JM: With TOPS in particular, it was how hard they work. They’re always working on stuff, and they have a really methodical approach where they’ll save songs for weeks at a time and discuss transitions and feel. It’s this cool democratic discussion and feel that I’d never experienced before, and I thought it was really cool. It also gave me a new vocabulary to talk about songs because they really talk about it so much. With Sheer Agony, I learned how to be in a band, and we played together for a long time. Another one that had a real impact was Homeshake, he’s really organized and that influenced the way the solo record sounds as much as anything else. It was also recorded in the same studio as that record so I was taking a page out of the way he records and arranged. Someone else is Erin from Mega Bog, who has a really interesting approach to music that’s inspired me a lot over the years.

NT: On this note, did you really feel a need for outside help at all or were you pretty much running the whole show up until mixing?

JM: I’ve never considered working with a producer, mostly out of cheapness but also as a control freak wanting to put a studio together myself. It never occurred to me. I don’t know if it was working with Peter on Homeshake, but we were both learning as we went on that. I wasn’t a producer as much as a producer on that record. It wasn’t glamorous with Peter and I, we were sitting in a freezing studio, often with our winter jackets on, sipping endless cups of tea and straddling space-heaters. At one point we had to take a couple days off because I spilled tea into the mixing board. In part, I feel like if there’s someone else around I’m inclined to rush through and get things done, but on my own I’ll rewind the tape a hundred times to find out what it needs.

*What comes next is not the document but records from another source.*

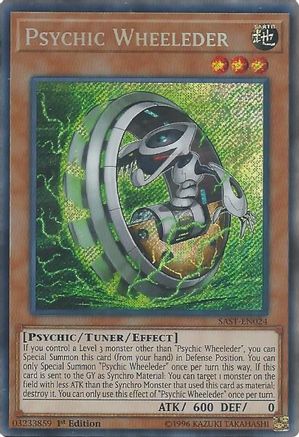 Psychic Wheeleder (SAST-EN024) 1st Edition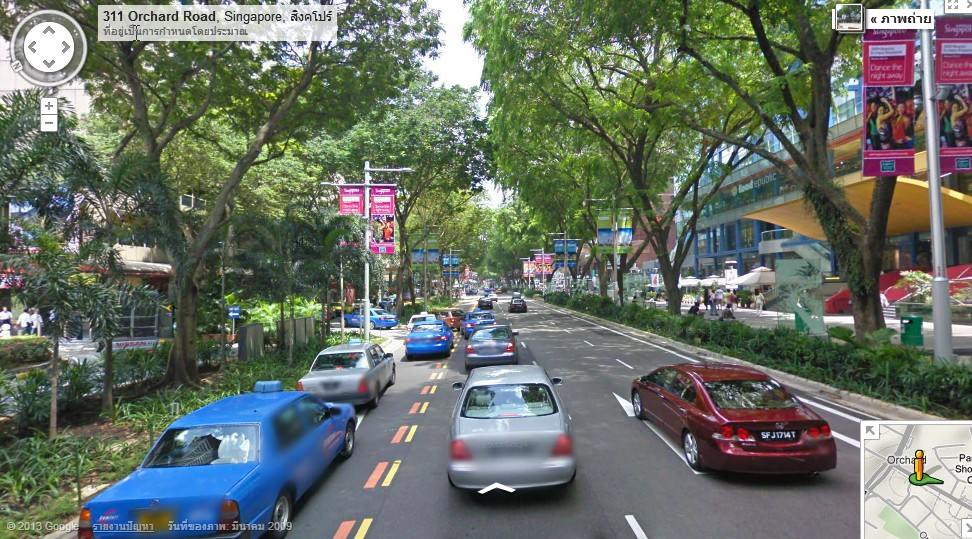 หาที่ติไม่เจอแม้แต่ซอยเดี่ยว สำหรับถนนในสิงค์โปร์  ตามมาดูกันทุกซอกทุกมุม 380องศา
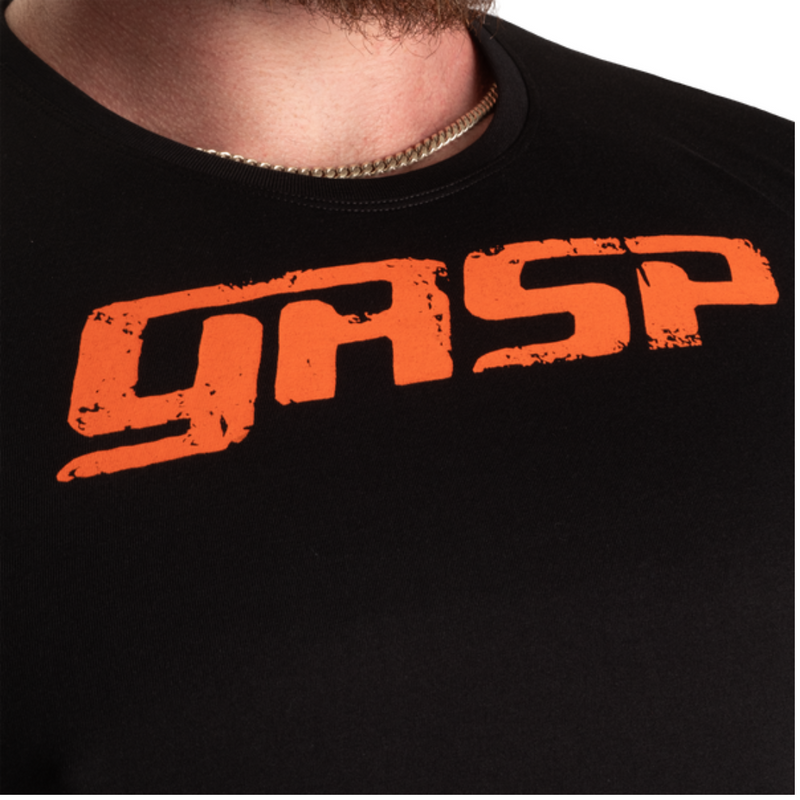 Legacy Gym Tee, Black / Flame-Miesten T-paita-GASP-M-Aminopörssi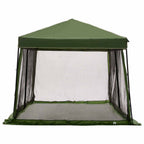 Camping-Zelt-Set mit Dach 2 pcs Grün Taffeta und Stoff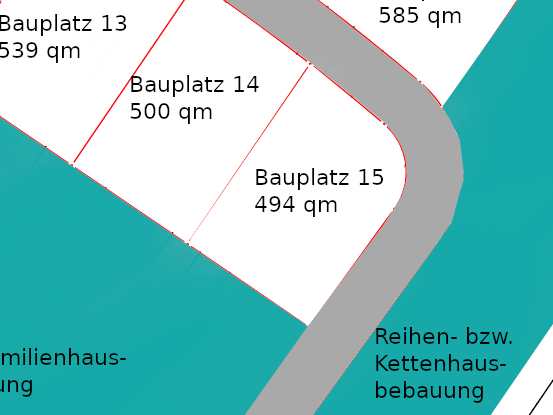 Bauplatz 15 - EH, DH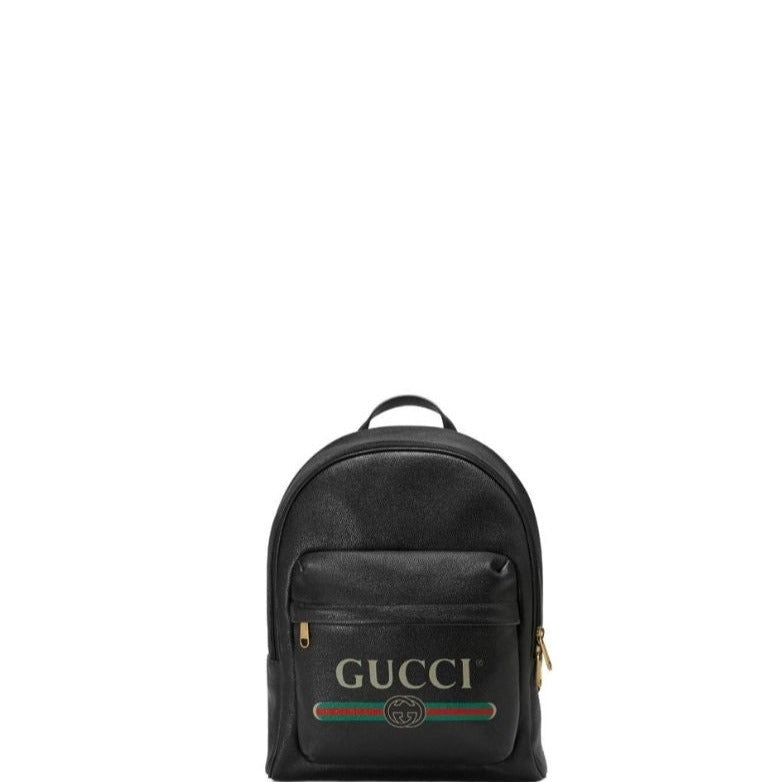 Sneakerhill - Print leather backpack Black - sneakerhillcom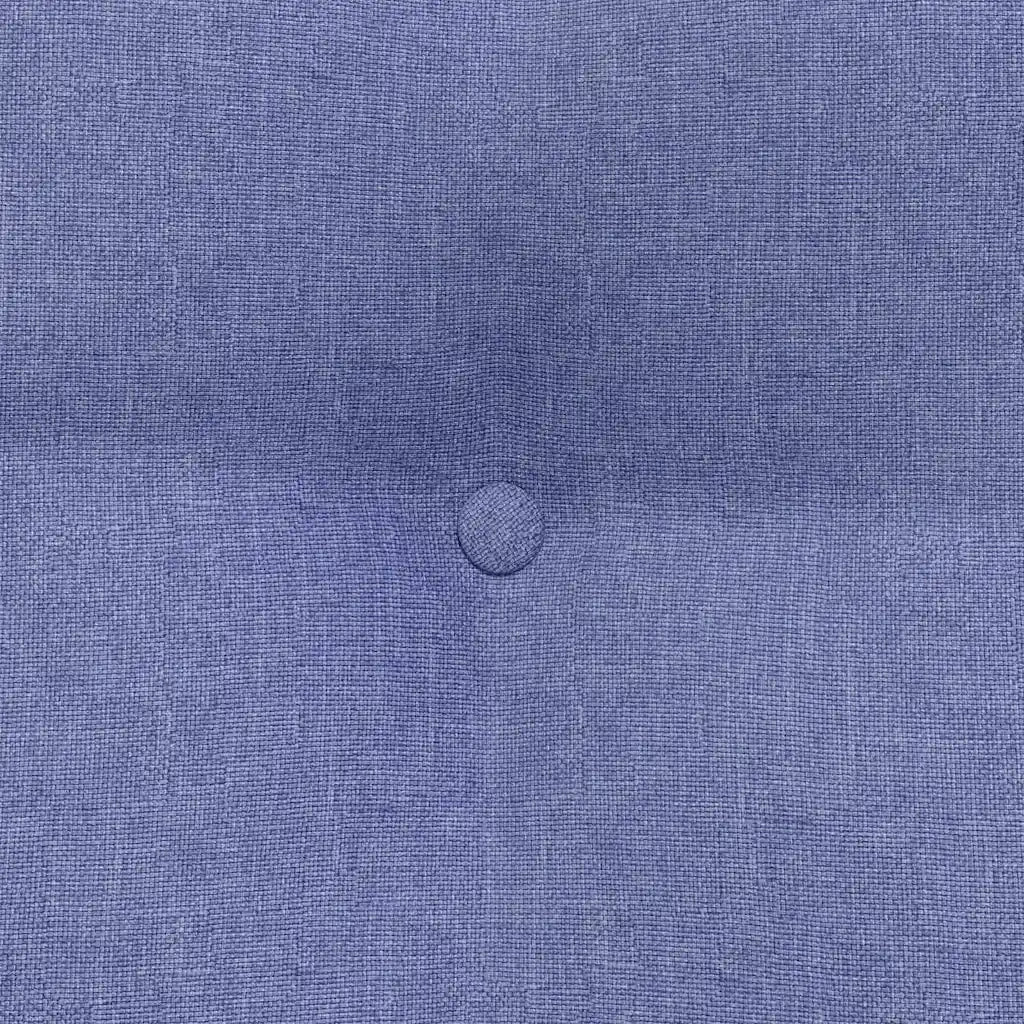 Cuscino per Schiena Blu jeans 60 x 24 x 50 cm Tessuto 42014397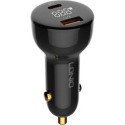 LDNIO C101 Car Charger USB + USB-C 100W + USB-C to USB-C Cable (Black)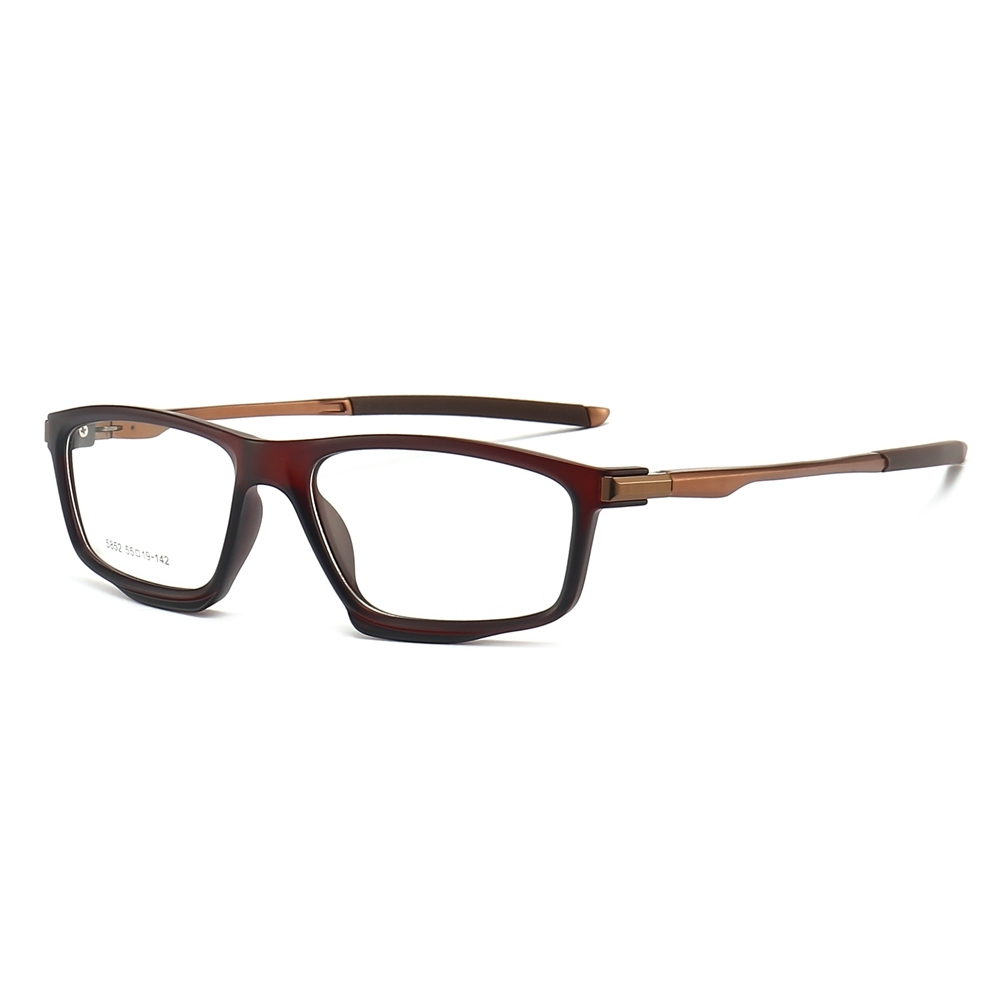 Custom Modern Sporty Prescription Glasses for Active Lifestyle Eyeglasses Wholesale Men's Full Rim Rectangle Optical Frames Manufacturer China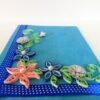 Blue Base Corner Flower Greeting Card image Blue Base Corner Flower Greeting Card image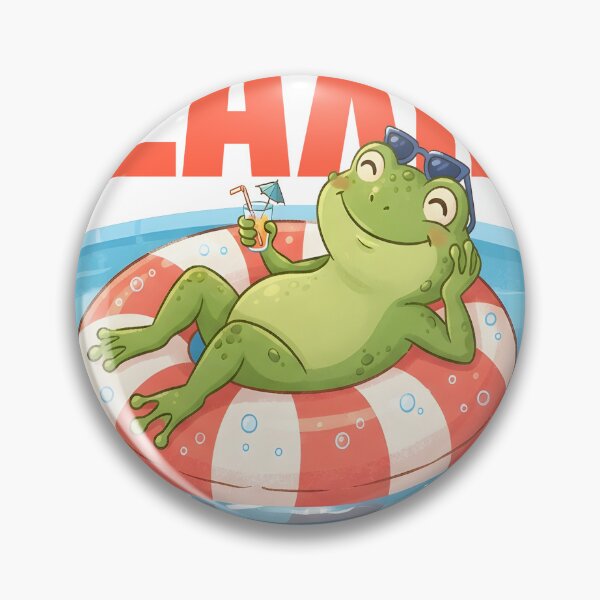 Item preview, Frog Relaxing designed and sold by Kimos Creative Store.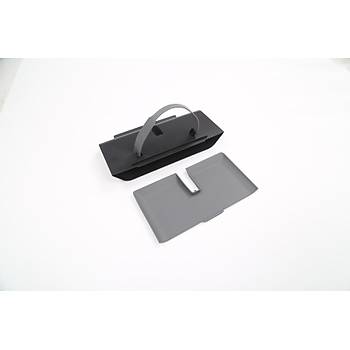 Tesla Model Y Orta Ekran Altna Taklan Geni Dzenleyici Gri, Beyaz ABS+TPE Yksek Kaliteli Plastik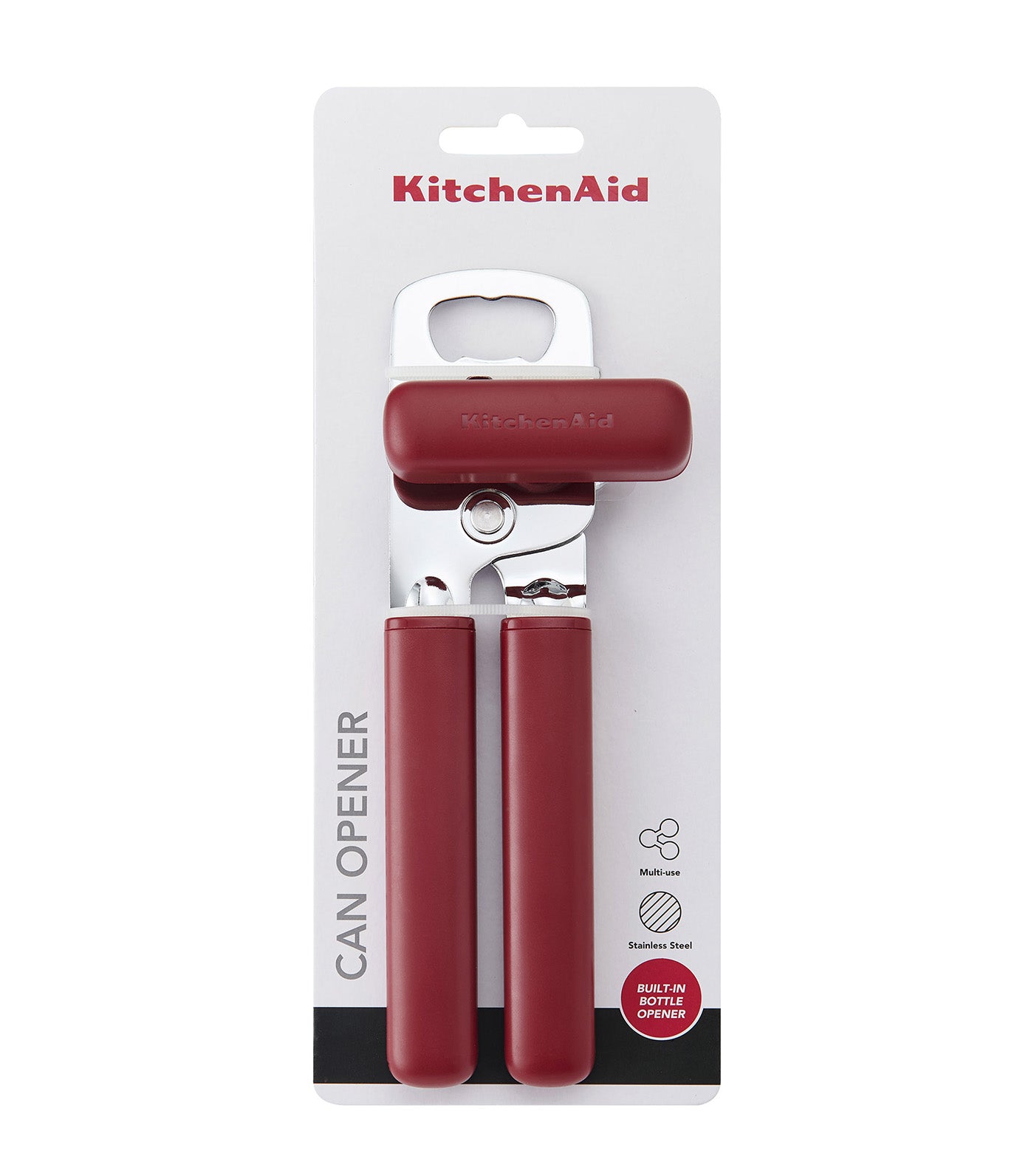 Coreline Can Opener with Bottle Opener Empire Red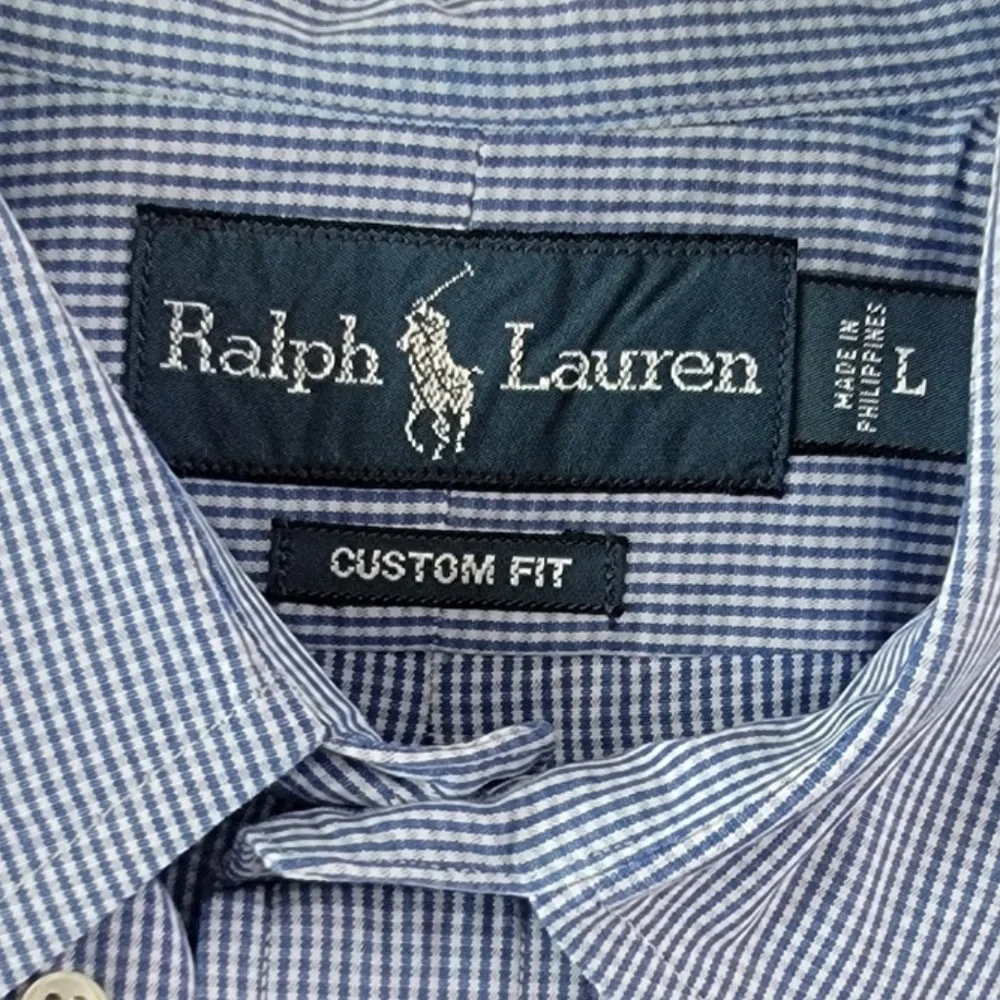 Ralph Lauren Blue Check Button Down - Picture 6 of 7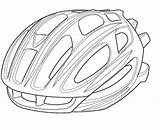 Bike Helmet Drawing Bicycle Dirt Casque Silhouette Getdrawings Motorcycle Mtb Foal Autocad sketch template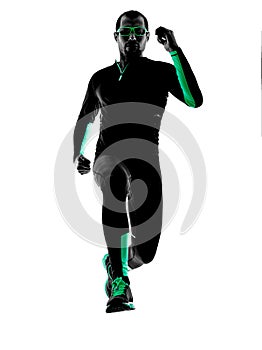 Man runner running jogging jogger silhouette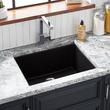 25" Totten Granite Composite Undermount Kitchen Sink - Black, , large image number 0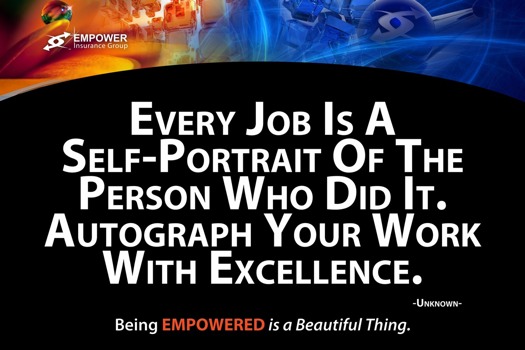 print a poster - There Are No Speed Limits On The Road To Excellence - ClaimsPosterEveryJob.jpg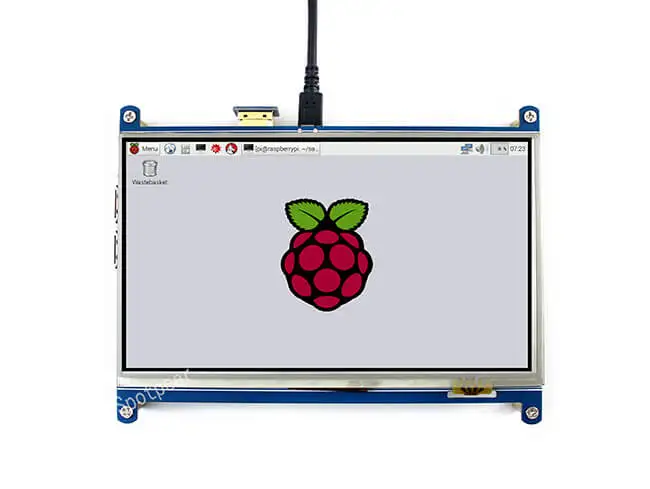 Raspberry pi 7 дюймов lcd резистивный сенсорный экран HDMI 1024X600 7 дюймов tft дисплей gpio сенсорный экран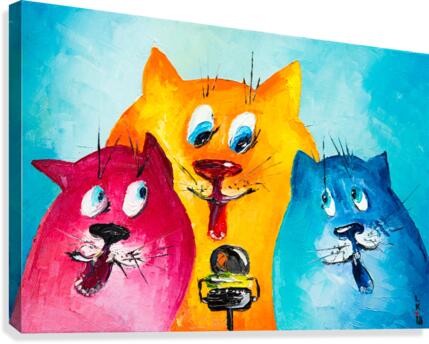 Singers Canvas Print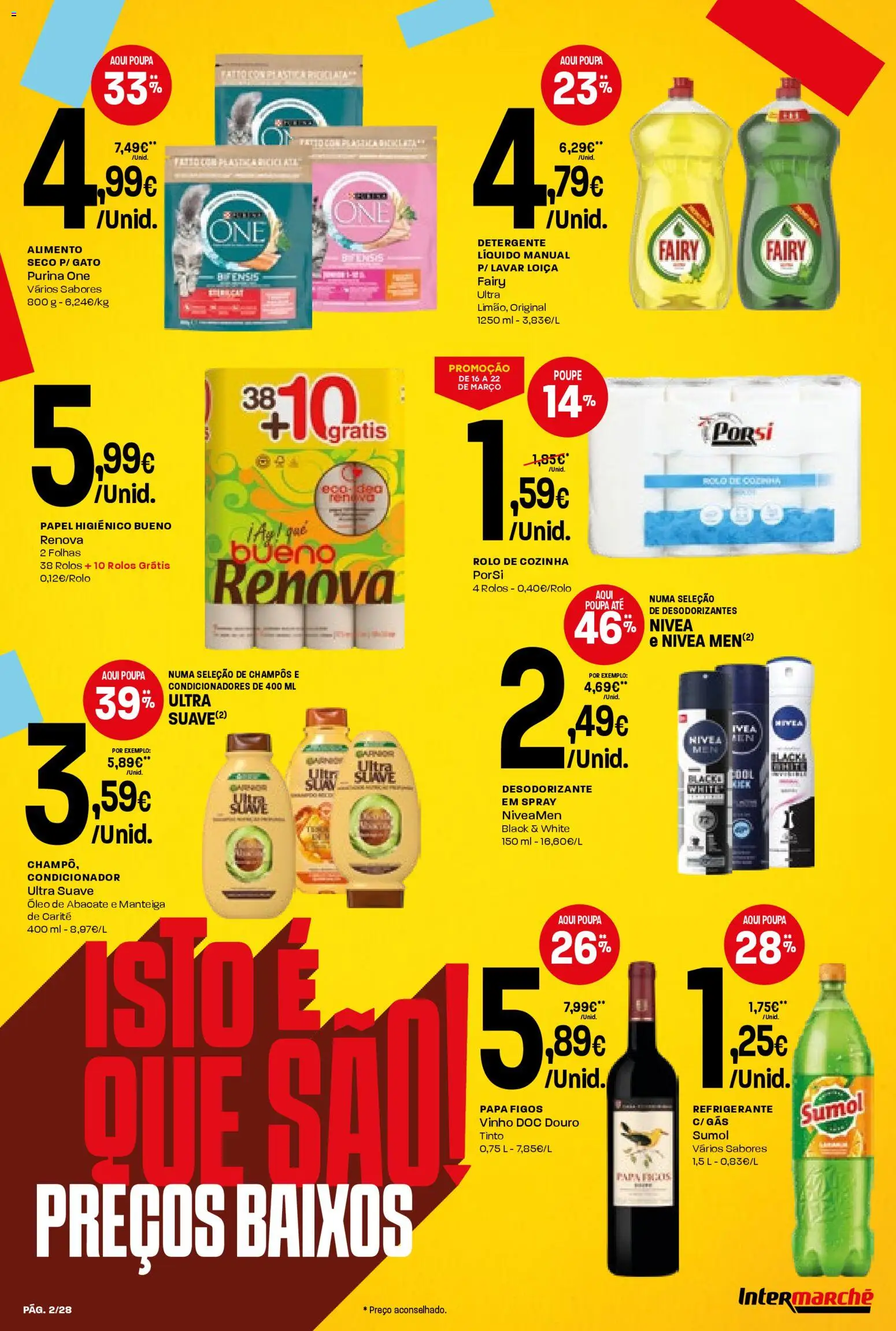 Intermarché Folheto Contact │ válido de 16.04.2026 | Página: 2 | Produtos: Papel higiénico, Condicionador, Abacate, Vinho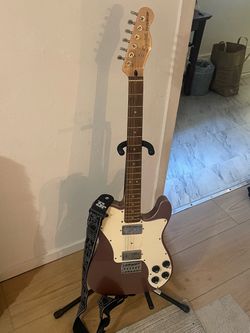 Fender squire tele guitar and amp full seteup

NT: How did “Lulu” help you break out of your writers block?

JM: If I knew why I had writer’s block, I probably could have found a way out of it. All of sudden I just kind of did it, and I was also really happy, maybe that was part of the problem. For eight months I couldn’t write anything. When I wrote that song it felt different from anything I had done before. It was also really autobiographical, which felt good and different. I kept going in that vein of ruthlessly autobiographical, which isn’t always the best move. I hadn’t even intended to release these songs, which makes it weird how autobiographical they are. It’s happened in the past with these kinds of songs, and people find out who these songs are about and ask me about it.

NT: Considering this album is a result of three years of writing, when did you finally realize this was more of an album?

JM: One night I was in a bar getting drunk with Jane and Dave from TOPS, and said as a joke that I was going to make a solo record called My Dark Side. We were talking about Pink Floyd I think. It was this vague idea while I was working on songs in the studio. We were closing up the studio and had to wrap up all the projects we were working on at the time. I had finished a new Sheer Agony record which comes out who-knows-when, and I realized I’d actually finished two records. I sent my songs to Sinderlyn, and to my chagrin they were actually more into that than the new Sheer Agony record. I had accidentally finished a solo record and that opened up some shows, so I stumbled into this.